Retype only what runs from the line with "A chair with" through the end of the entries, exactly and in full, but omit any picture you find.

(EXERCISE INPUTS begins)

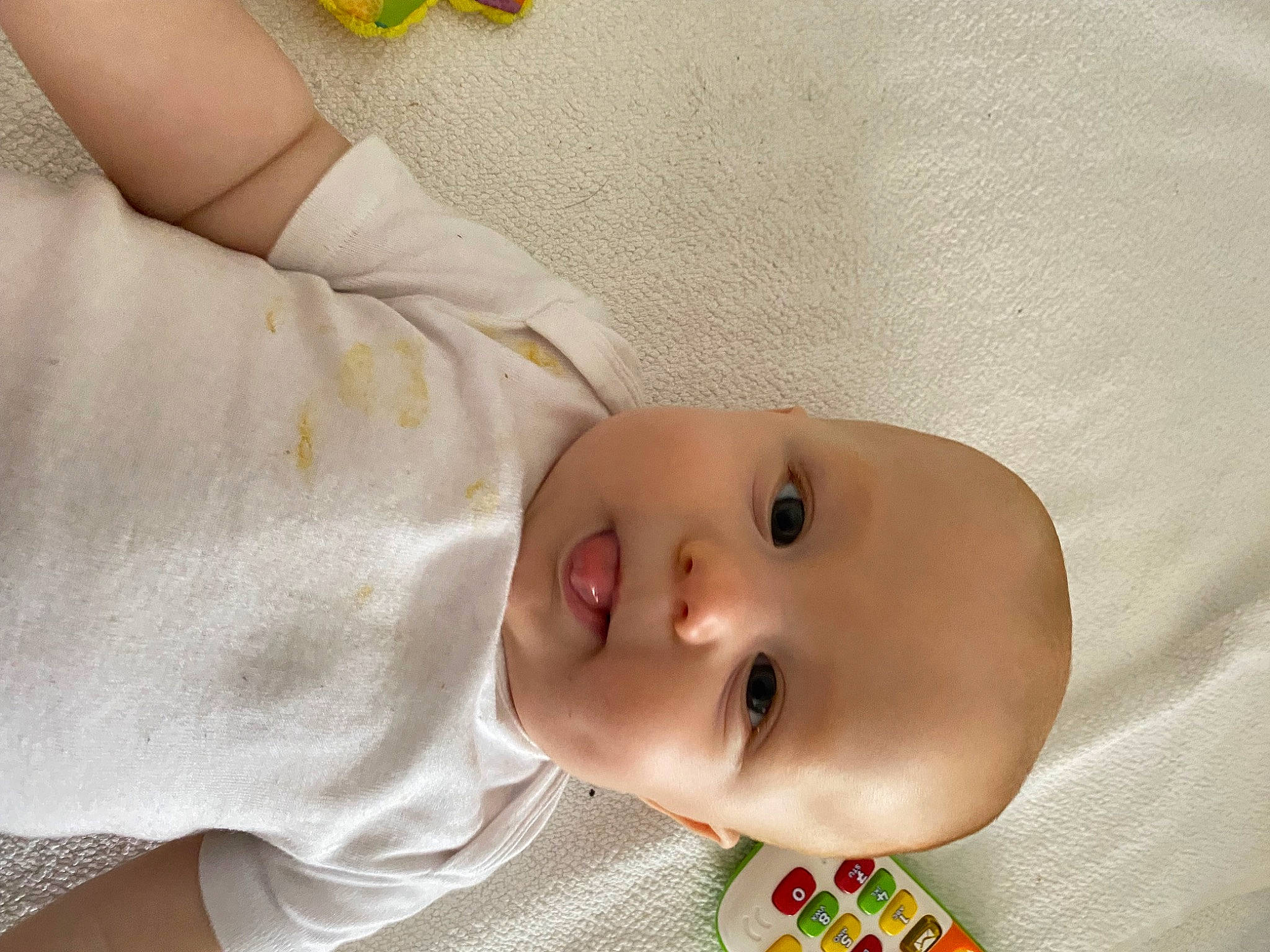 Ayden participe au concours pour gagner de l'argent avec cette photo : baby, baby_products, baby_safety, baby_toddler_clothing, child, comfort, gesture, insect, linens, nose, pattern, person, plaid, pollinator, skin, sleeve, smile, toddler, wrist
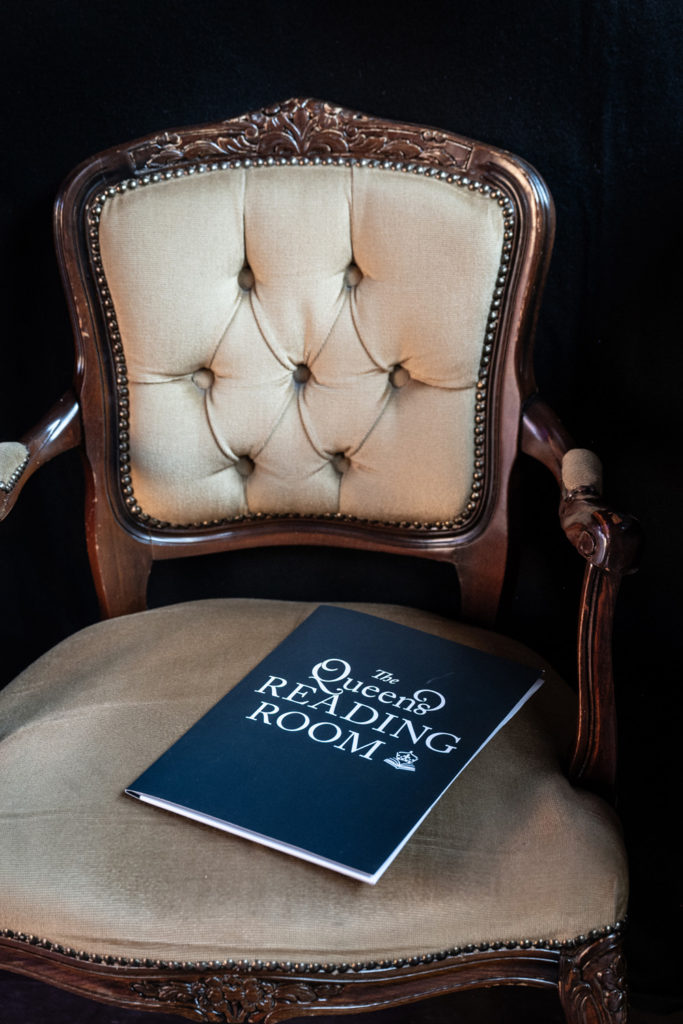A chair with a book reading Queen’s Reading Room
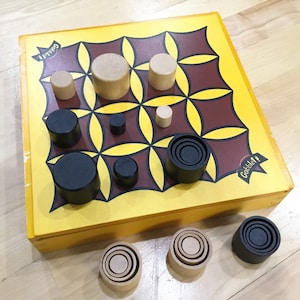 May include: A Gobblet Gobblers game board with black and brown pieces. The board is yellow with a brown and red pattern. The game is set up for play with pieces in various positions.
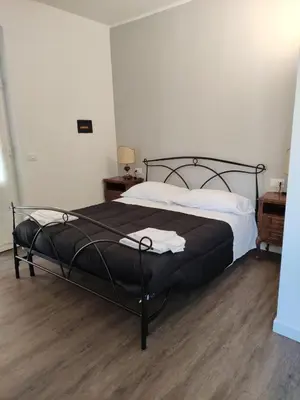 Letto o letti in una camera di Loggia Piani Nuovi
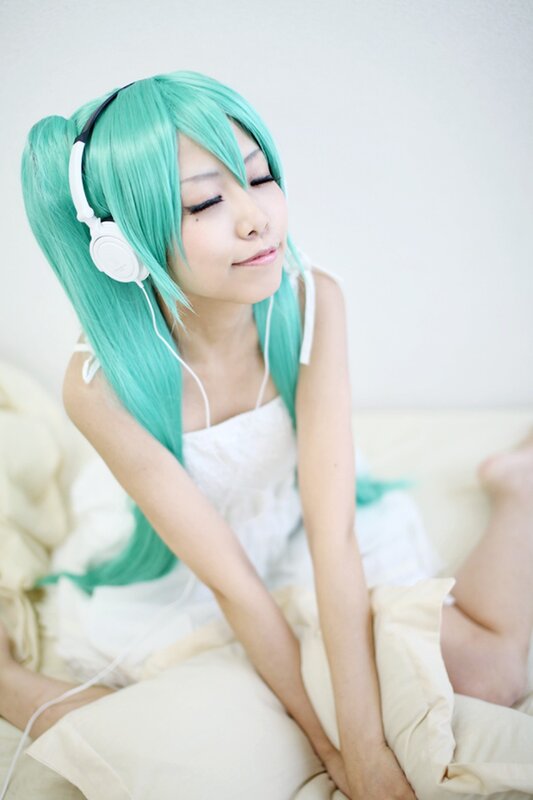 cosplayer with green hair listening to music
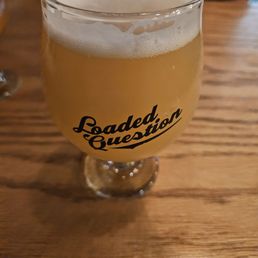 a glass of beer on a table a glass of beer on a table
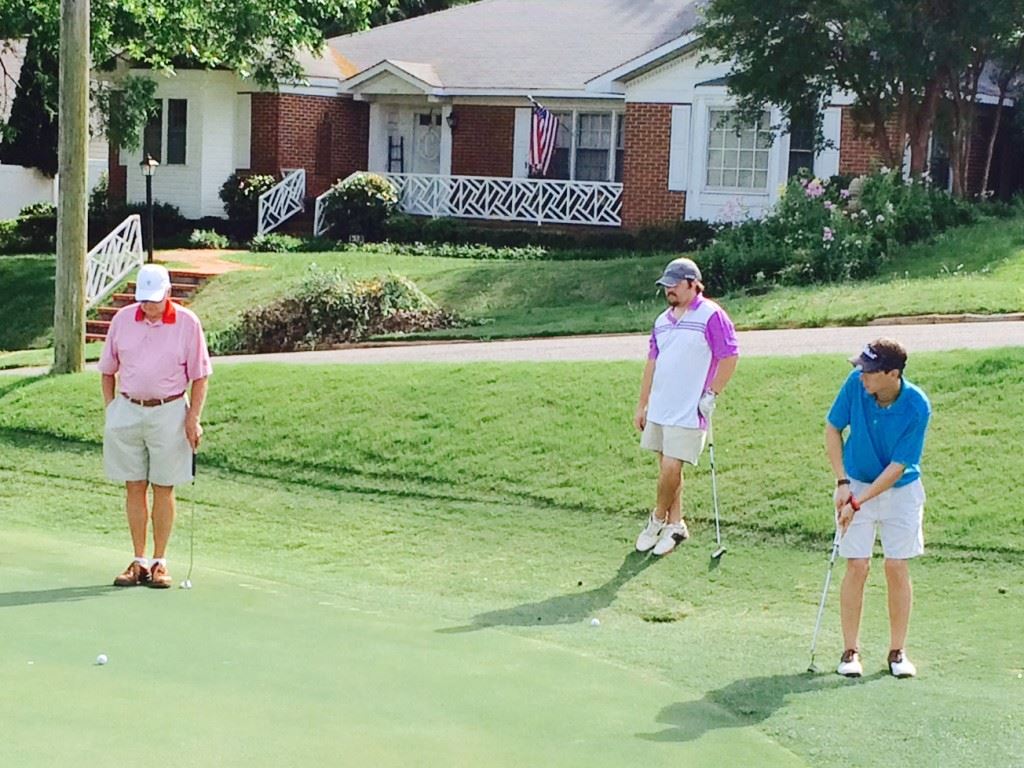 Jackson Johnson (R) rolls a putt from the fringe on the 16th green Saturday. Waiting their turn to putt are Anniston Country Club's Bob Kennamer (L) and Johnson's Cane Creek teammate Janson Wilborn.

(EXERCISE INPUTS ends)

- [EXERCISE RESULT]:
A chair with a book reading Queen’s Reading Room
 May include: A Gobblet Gobblers game board with black and brown pieces. The board is yellow with a brown and red pattern. The game is set up for play with pieces in various positions.
 Letto o letti in una camera di Loggia Piani Nuovi
 cosplayer with green hair listening to music
 a glass of beer on a table a glass of beer on a table
 Jackson Johnson (R) rolls a putt from the fringe on the 16th green Saturday. Waiting their turn to putt are Anniston Country Club's Bob Kennamer (L) and Johnson's Cane Creek teammate Janson Wilborn.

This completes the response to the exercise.